Nevertheless when the case went on appeal to the High Court by the Opponent (Plaintiffs in this instant) the Court decided that the mark applied for i.e. the Defendant’s mark was highly similar in look to the Plaintiff’s mark and the said mark was applied onto identical goods. The Court decided that the Registrar had erred in his decision to allow the registration of the Defendant’s trade mark and granted refusal of registration.

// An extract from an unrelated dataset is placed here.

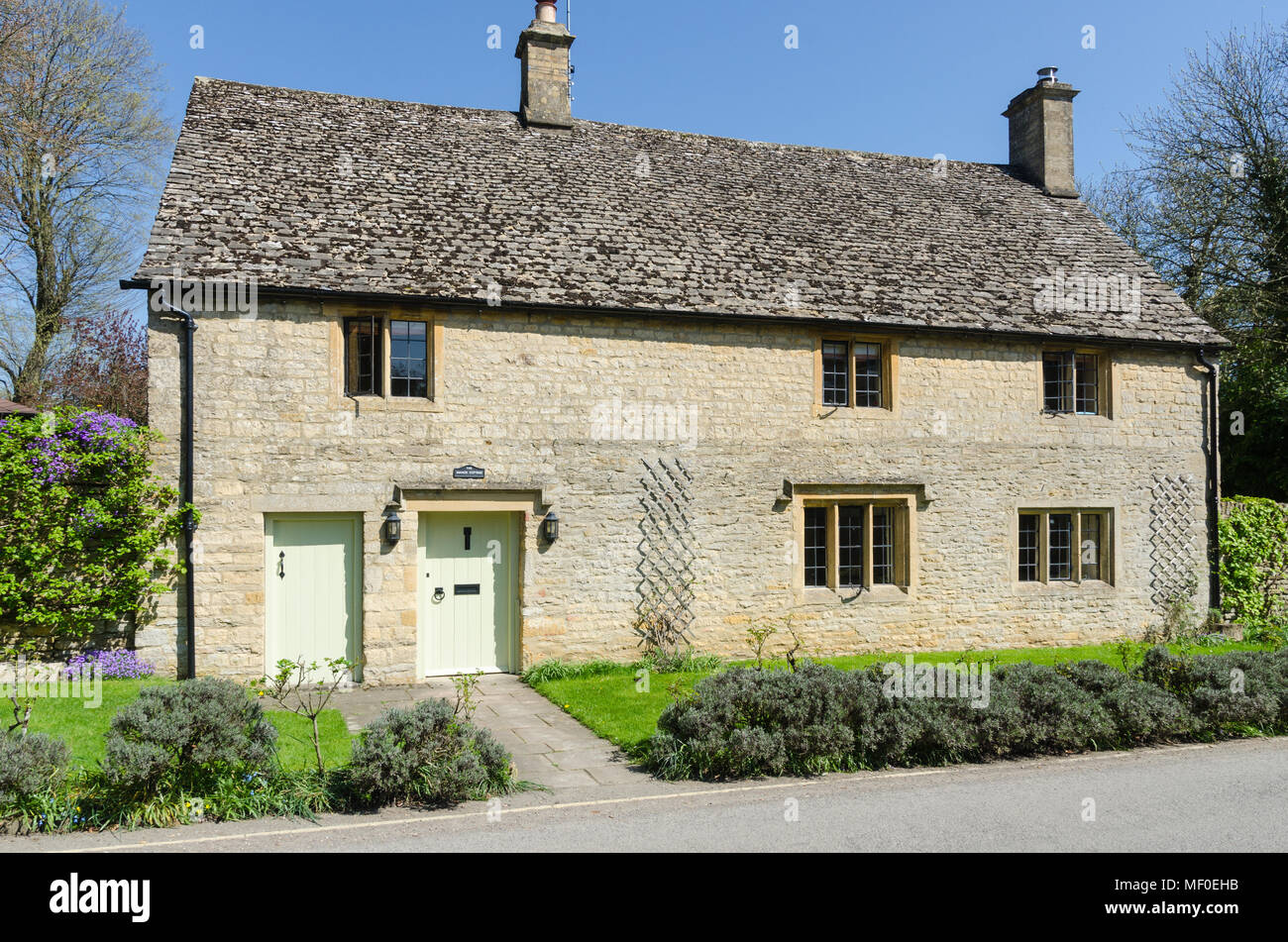 Typical english village cottage hi-res stock photography and images - Alamy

4. Mutiara Rini Sdn Bhd v The Corum View Hotel Sdn Bhd (previously known as the Curve Hotel Sdn Bhd)  7 MLJ 771
This was a case for a Summary Judgment application in respect of trade mark infringement and passing off. The Plaintiff is the owner of the mark “THE CURVE theCurve E@CURVE” in Classes 35, 36 and 43 and is the developer of the shopping mall The Curve in Mutiara Damansara. The mall is well known to the Malaysian public particularly those living in the Klang Valley. The Defendant on the other hand carried on the business of operating hotel called “The Curve Hotel”, located in the northern state of Penang. After receiving a warning letter the Defendant subsequently changed its hotel name to “The Corum View Hotel”.
Notwithstanding the above, the Plaintiff proceeded to file a legal suit as well as an application for summary judgment. At the Hearing of the application, it was held that the Defendant had admitted that it used a mark that was identical to the Plaintiff’s registered marks. Plaintiff had further established that it had the requisite goodwill and reputation arising from the use of its registered trademarks. Accordingly the application for summary judgment was allowed.
The past year has seen trade mark work in Malaysia continue gaining strength echoed in its highest number of filings to date hand in hand with Registry’s improved services in facilitating the registration of trade mark applications. At the other end of the protection spectrum, the various cases that have been illustrated above show that the Courts will endeavor to continue protecting the rights of statutory and common law owners of trade marks. It is hoped that the accession to Madrid Protocol will be a positive contribution to the thriving landscape of trade mark matters here.